One of our more learned members on all things cycling and data science, Matt Whittle (Twitter, WordPress), presented a working seminar/tutorial on mapping data using R QGIS and JS. Matt’s project is to measure the cycling rates in various counties around the UK, and identify cycling hot spots in contrast to air pollution levels. Matt’s project has also garnered interest from Parliament, so our event was like a little preview (or maybe a practice run).

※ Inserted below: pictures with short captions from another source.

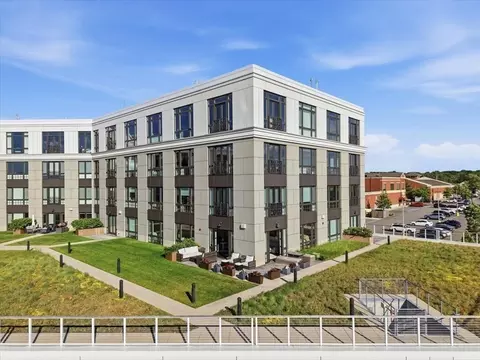 Exterior - 10 Shipyard Dr #513, Hingham, MA 02043 photo 1 of 1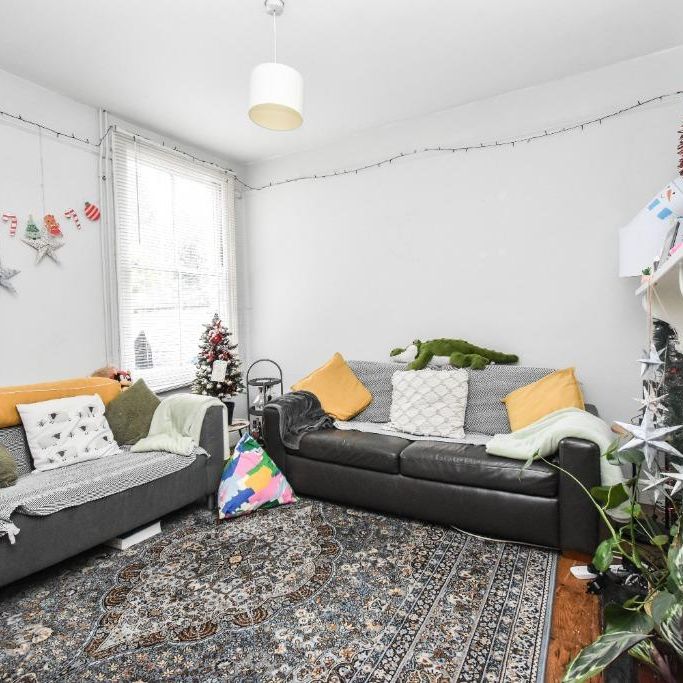 4 bedroom end of terrace house to rent - Photo 1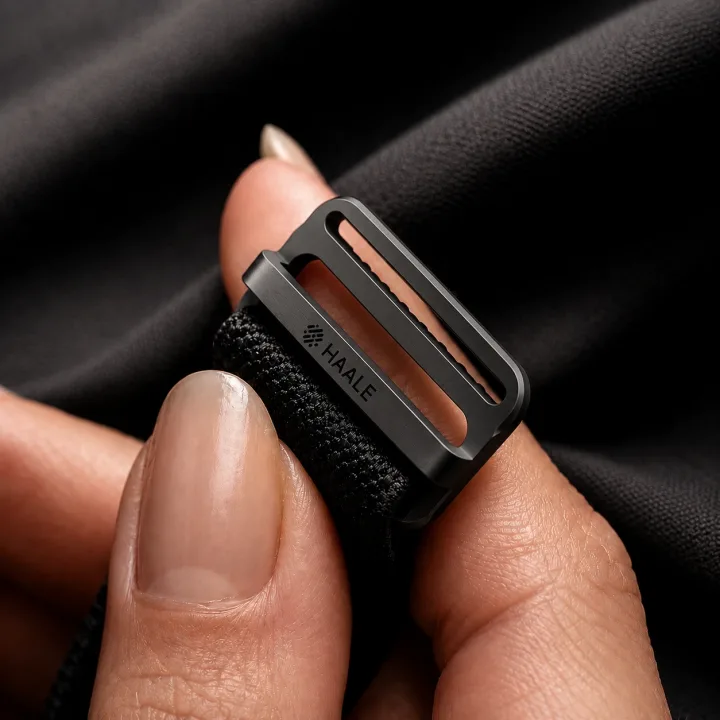 HAALE Smart Band Black/Black HAALE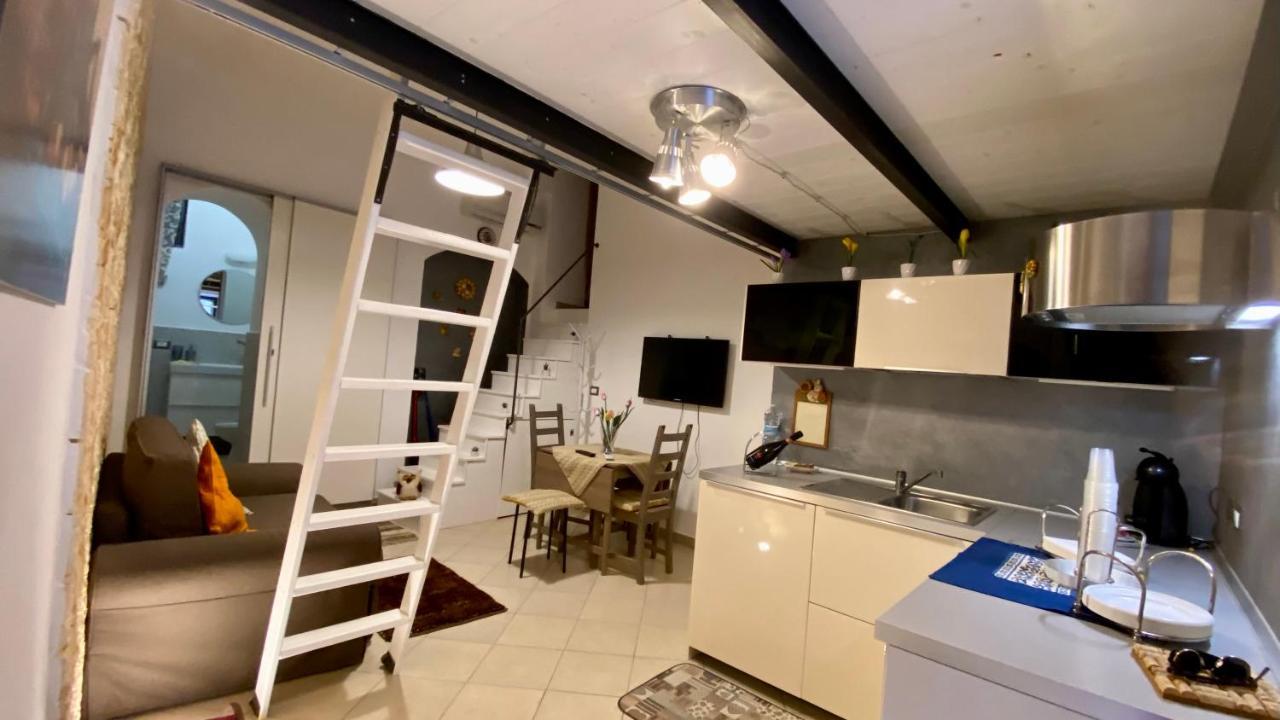 Zeus Charming Apartment Syracuse Екстер'єр фото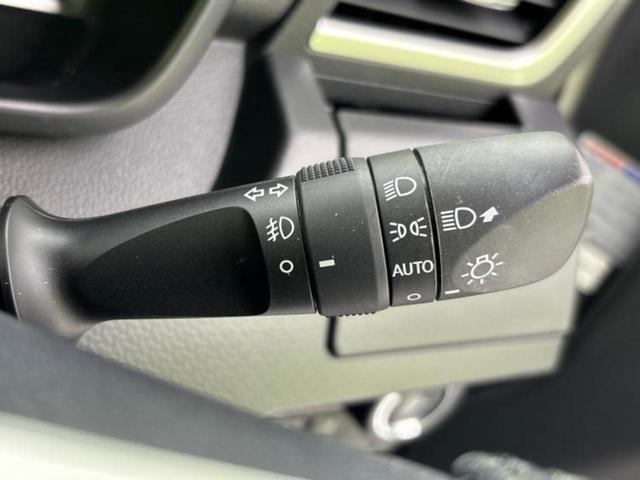 ルーミー 4WDカスタムG 新品タイヤ/純正 SDナビ/衝突安全装置/両側電動スライドドア/ヘッドランプ LED/Bluetooth接続/ETC/EBD付ABS/横滑り防止装置/アイドリングストップ/エアバッグ 運転席 4WD(17枚目)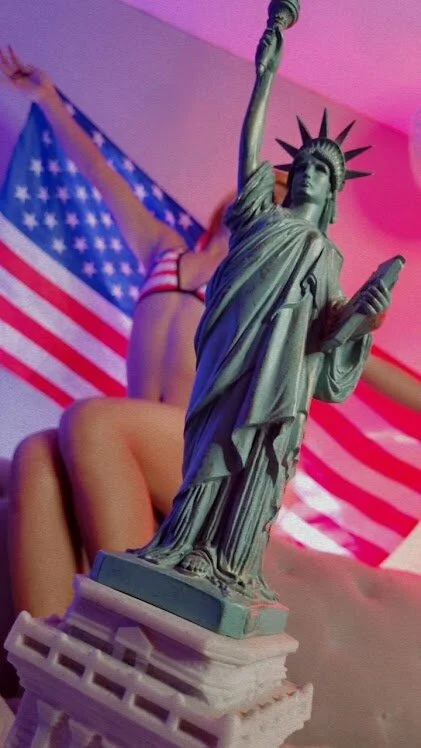 XXX Porn Photo of Nude Rodd__y 7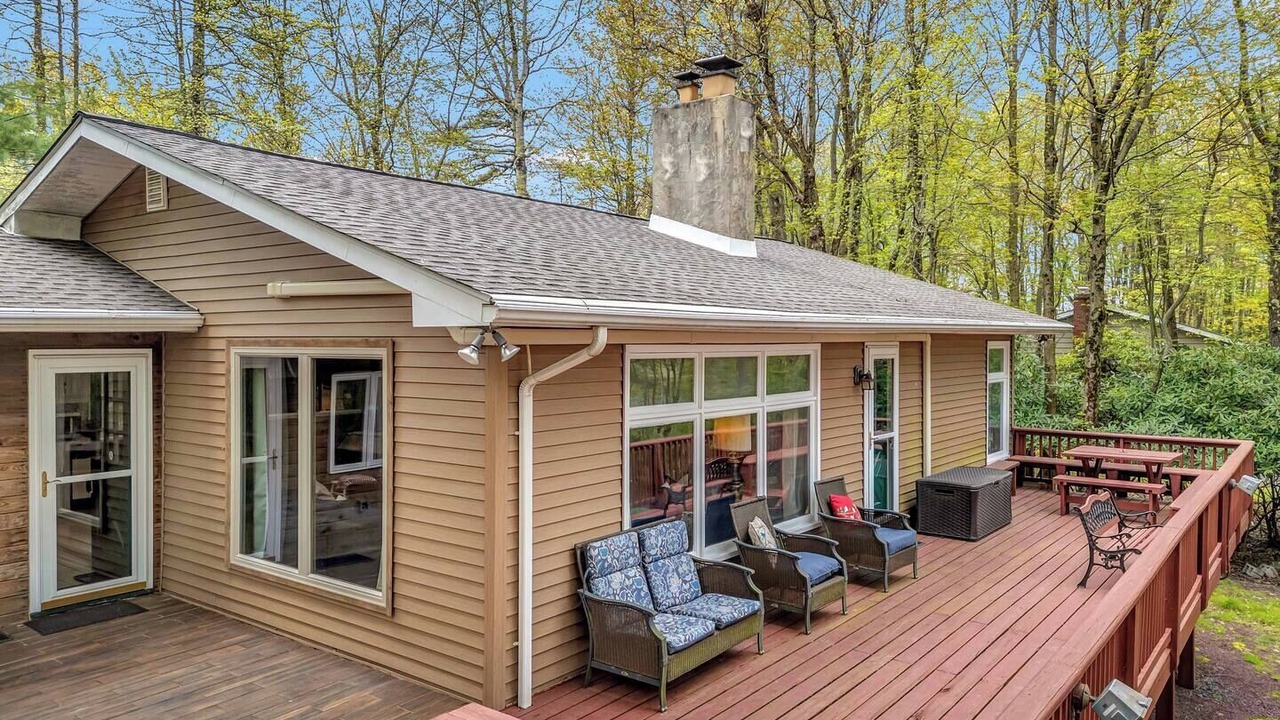 Photo of Outdoor in Long Pond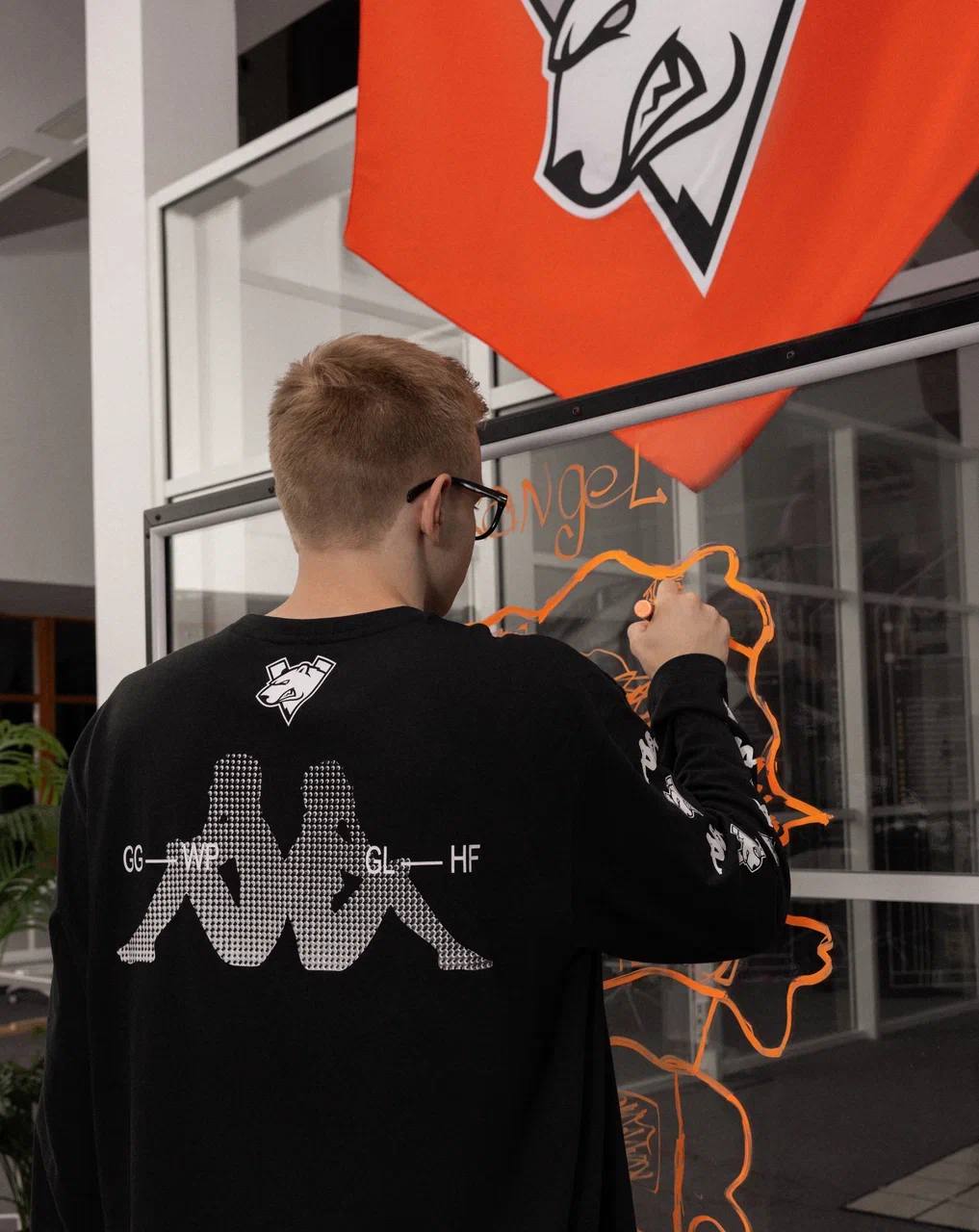 Kappa представила коллаборацию с киберспортивным клубом Virtus. pro
По этому случаю марка опубликовала рекламную кампанию под названием «Главное — внутри». Это уже вторая совместная коллекция | Сетка — социальная сеть от hh.ru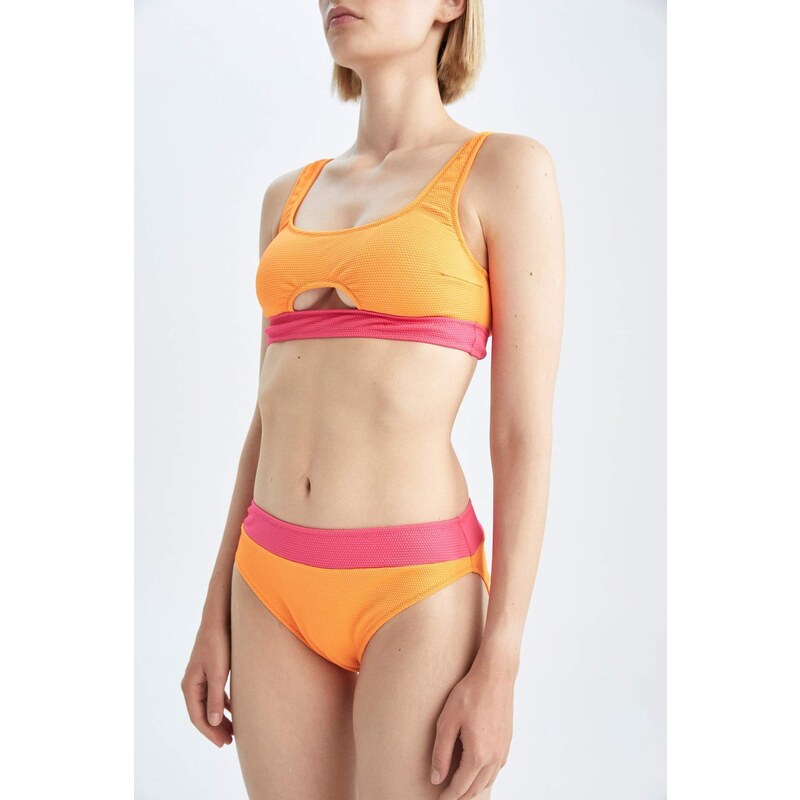 DEFACTO Regular Fit Bikini Top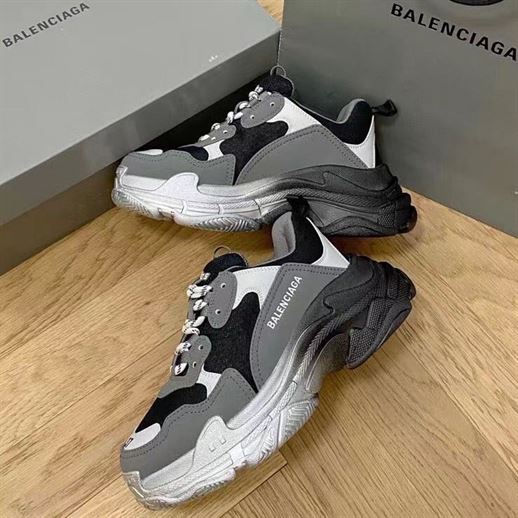 BALENCIAGA TRIPLE S GREY BLACK – BLA059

During the session Matt guided members through the process of creating an interactive map using R, QGIS and JS from the initial setting up of site structures, through to creating the map itself. It’s based on work he did for Road Safety Week, who are switching some of their focus to the air pollution caused by congested roads, and not just the singing hedgehogs who are surely a fixture in most British kids’ memories from the last thirty years. Many of our members are familiar with R but not so much QGIS so it was an interesting experience all round to use some specific data mapping software.
Herd are a technology focused recruitment agency who held their first digital jobs fair in the cake tin the First Direct Arena, which several members of data soc put a look-in to. It seemed quite busy around the halls, showing a good turn out from people both from Leeds University and Leeds Beckett, the latter of which sponsored the event. There were interesting talks on personal branding from Google and how to optimise the web presence when starting up one’s own business. Amongst others, companies featuring at the event included Call Credit, Sky, Plus Net, Unilver and William Hill. While data soc members found it interesting, it seemed quite heavily weighted towards the developers cross section of digital jobs, and so it would be nice next year if they could have a few more stands/companies interested in data scientists and analysts.
Leeds University School of Law hosted Professor David Lyon for its annual CCJS lecture, which several members of the Data Science Society were pleased to be able to attend. Professor Lyon is a pioneering figure in the study of surveillance and his lecture centred on how the rise of Big Data has affected the practice of surveillance by various authorities, most notably by the NSA whose activities were revealed by Edward Snowden, and how its development will continue to change surveillance practices.
A sociologist by background, Professor Lyon’s perspectives were particularly helpful to data soc members whose interests in public policy and health often intersect questions about privacy and decision making, as well as the nature of making predictions from aggregated data sets.